(September 13, 2018 at 9:30 pm)polymath257 Wrote:Indeed 4 is a description of a quantity not a separate magic thing in it's own right .(September 13, 2018 at 9:19 pm)RoadRunner79 Wrote: How is the number 4 different in mathematics? Are you saying that if their are 4 trees in reality, that is subjective? Do you believe in the basic principle; the law of identity?
I'd suggest reading some Frege or Russell. That will get you started.
There is a difference between saying 'there are four trees' is objective (which I will agree to: it is a publicly observable situation) and saying the number 4 is objective (no publicly observable situation exists for this).
Once again, the use of 4 is a language construct. The number itself doesn't exist as something separate.
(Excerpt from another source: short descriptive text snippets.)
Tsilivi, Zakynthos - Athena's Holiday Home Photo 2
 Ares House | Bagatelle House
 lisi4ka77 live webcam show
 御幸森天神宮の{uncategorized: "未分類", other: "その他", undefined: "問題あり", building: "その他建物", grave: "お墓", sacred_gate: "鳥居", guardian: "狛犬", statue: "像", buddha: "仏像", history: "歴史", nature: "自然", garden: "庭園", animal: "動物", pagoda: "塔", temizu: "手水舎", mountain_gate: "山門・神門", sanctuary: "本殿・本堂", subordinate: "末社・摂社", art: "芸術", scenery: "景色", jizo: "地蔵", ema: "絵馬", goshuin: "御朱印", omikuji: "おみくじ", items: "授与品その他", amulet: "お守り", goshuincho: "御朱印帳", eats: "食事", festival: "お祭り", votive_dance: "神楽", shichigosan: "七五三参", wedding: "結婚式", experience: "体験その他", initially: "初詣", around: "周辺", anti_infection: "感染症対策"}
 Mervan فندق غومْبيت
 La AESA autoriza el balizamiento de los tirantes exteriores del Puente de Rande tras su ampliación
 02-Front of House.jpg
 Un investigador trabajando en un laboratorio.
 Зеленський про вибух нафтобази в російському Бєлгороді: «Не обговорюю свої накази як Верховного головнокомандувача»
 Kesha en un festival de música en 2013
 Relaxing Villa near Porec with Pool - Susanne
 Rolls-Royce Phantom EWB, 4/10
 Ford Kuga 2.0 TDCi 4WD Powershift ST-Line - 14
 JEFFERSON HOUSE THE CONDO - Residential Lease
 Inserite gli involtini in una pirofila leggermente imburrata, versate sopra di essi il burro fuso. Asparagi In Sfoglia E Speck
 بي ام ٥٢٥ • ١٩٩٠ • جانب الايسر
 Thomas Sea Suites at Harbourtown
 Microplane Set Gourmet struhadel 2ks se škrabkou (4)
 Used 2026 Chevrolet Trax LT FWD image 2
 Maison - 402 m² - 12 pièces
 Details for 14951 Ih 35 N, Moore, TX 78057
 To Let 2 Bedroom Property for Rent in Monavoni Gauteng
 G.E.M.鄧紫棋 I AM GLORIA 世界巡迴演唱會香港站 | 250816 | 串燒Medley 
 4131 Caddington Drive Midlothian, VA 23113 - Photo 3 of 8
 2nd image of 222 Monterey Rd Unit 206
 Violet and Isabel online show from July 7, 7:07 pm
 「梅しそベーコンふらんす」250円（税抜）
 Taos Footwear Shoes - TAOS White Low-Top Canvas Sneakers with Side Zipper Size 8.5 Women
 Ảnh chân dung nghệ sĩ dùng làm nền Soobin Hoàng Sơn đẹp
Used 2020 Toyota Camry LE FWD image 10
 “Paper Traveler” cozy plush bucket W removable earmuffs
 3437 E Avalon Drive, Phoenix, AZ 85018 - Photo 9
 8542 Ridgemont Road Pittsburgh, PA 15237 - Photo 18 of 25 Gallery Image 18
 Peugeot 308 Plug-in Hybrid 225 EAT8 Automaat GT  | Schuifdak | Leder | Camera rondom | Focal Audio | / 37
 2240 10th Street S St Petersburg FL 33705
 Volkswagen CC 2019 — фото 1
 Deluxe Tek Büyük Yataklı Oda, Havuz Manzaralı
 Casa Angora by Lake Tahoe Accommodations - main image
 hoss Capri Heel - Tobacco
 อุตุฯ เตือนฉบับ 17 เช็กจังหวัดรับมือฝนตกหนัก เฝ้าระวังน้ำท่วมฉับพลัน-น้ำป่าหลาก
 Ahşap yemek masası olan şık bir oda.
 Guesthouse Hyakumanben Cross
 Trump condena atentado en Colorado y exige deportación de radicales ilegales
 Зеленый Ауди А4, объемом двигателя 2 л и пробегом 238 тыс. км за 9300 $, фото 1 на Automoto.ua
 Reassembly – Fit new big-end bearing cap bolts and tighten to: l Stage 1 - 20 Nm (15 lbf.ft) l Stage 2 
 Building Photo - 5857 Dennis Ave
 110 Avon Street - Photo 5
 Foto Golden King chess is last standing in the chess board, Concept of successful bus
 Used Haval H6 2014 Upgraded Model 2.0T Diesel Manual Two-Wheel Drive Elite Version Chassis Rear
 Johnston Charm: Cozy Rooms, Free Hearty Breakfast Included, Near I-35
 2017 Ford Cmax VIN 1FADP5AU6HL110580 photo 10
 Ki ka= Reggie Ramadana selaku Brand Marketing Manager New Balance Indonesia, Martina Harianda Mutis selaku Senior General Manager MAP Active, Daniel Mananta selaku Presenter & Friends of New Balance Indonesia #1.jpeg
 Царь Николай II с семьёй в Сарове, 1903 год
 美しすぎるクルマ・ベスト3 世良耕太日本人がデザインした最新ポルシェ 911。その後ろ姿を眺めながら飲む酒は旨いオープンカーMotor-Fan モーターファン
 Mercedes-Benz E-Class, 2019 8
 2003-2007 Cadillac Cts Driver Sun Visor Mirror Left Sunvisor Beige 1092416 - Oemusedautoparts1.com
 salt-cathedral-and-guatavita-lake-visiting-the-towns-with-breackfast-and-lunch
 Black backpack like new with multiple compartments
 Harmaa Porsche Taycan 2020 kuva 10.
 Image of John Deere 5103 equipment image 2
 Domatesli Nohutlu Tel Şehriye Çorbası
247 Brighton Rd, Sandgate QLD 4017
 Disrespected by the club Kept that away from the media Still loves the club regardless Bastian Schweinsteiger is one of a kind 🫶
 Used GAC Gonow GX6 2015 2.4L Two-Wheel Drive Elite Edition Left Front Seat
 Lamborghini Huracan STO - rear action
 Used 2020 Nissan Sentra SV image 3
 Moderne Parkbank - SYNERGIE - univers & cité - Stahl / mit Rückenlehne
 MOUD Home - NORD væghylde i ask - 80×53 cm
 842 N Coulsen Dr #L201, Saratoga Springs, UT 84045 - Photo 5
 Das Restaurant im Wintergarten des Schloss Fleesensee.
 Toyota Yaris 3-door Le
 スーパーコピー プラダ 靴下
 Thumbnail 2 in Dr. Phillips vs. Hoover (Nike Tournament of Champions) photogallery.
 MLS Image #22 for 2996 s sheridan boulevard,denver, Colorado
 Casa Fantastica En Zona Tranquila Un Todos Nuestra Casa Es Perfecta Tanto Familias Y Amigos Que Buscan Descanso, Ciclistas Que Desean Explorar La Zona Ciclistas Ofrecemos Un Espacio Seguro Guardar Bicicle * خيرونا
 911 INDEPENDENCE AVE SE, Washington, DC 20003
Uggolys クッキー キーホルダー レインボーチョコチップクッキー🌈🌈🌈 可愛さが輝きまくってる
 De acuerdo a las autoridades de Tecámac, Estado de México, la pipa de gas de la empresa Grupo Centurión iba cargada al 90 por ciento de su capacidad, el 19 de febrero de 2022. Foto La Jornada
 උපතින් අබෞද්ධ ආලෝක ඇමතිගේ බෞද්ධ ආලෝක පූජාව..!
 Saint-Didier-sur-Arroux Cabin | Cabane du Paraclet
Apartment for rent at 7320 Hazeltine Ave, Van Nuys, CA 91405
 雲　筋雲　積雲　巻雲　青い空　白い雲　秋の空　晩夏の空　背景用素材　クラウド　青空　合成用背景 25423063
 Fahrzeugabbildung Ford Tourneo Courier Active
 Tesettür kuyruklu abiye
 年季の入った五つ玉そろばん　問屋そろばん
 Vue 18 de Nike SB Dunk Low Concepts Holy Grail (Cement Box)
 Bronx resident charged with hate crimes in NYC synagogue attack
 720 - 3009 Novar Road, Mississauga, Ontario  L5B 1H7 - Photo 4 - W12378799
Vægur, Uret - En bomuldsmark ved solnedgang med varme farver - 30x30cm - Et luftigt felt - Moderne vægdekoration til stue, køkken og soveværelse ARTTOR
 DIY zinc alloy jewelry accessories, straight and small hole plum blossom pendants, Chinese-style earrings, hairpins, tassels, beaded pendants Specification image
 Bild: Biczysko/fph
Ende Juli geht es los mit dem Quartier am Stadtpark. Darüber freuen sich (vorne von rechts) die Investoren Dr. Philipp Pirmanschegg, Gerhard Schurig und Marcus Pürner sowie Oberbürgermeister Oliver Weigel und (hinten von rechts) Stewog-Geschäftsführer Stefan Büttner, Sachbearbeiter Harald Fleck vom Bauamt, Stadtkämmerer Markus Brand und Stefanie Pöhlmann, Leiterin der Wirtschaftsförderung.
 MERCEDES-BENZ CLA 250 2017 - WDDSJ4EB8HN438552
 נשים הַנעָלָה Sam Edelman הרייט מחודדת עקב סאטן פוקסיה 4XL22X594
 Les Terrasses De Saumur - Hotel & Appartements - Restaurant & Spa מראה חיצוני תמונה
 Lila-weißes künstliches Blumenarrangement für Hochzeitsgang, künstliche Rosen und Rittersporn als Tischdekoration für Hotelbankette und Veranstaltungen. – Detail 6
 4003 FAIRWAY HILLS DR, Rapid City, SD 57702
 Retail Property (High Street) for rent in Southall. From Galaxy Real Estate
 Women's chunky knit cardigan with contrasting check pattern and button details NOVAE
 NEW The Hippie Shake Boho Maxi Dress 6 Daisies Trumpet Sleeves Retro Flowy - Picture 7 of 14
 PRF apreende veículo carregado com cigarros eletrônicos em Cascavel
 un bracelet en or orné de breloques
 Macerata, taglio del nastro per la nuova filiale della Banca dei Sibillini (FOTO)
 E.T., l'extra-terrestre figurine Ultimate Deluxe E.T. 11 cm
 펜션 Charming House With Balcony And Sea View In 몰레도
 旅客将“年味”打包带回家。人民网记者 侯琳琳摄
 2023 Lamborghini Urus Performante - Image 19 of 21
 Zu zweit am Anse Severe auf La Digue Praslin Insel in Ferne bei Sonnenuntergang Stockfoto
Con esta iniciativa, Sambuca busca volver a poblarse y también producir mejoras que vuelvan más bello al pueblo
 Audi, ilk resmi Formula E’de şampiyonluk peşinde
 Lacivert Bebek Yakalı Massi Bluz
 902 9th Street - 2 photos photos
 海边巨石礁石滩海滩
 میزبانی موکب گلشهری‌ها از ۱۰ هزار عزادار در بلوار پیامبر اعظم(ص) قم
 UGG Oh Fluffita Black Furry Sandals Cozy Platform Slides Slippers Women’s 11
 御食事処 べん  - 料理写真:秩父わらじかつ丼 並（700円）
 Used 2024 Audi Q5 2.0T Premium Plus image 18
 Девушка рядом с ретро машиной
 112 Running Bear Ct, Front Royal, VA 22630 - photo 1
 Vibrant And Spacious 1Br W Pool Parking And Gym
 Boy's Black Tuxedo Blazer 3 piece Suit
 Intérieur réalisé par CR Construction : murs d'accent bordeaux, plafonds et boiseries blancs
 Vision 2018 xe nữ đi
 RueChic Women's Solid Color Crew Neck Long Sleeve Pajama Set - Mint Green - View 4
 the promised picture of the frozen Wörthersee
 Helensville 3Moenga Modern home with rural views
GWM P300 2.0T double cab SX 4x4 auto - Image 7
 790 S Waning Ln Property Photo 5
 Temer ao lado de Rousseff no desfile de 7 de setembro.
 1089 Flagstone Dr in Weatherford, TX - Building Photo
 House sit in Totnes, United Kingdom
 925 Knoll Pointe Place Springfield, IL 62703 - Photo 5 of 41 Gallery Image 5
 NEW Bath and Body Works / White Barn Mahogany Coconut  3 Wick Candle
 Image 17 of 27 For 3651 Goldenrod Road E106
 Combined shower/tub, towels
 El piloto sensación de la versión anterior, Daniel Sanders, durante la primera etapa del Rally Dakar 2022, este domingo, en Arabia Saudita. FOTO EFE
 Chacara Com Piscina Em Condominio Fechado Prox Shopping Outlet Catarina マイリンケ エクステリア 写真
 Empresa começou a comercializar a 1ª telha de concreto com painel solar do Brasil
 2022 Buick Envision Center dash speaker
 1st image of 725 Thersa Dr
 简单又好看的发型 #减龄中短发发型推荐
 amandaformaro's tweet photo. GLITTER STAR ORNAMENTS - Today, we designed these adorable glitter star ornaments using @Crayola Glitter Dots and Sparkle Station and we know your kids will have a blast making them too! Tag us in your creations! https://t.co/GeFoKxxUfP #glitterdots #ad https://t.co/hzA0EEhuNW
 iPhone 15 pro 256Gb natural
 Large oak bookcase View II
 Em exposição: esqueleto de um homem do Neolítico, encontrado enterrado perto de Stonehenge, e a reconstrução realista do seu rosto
And, in math, there are several different mutually exclusive *models* for the natural numbers. Russell proposed one (so four would be the class of all sets with four elements--which can be defined in terms of logic and equality). But there are other definitions that don't have the logical issues that Russell's definition does (being a proper class is problematic--see Russell's paradox).
Von Neumann gave a different definition that is often used in set theory today, but it is far from being the only possible one: see discussions of the difficulty by Hillary Putnam.
When you say the number 4 is 'objective', I think you are missing any number of subtleties concerning how that concept is, or can be, defined. At best, it is an equivalence class of concepts, but that also fails to capture the intuitions many have.
And that is part of the point: we have intuitions, but those intuitions are self-contradictory. The upshot is that '4' is a *language* construct, not something that exists out of a language.
I have also found that people that emphasize the 'law of identity' tend to have not thought very much about these things. Might I suggest a bit of modern model theory as a subject of utility?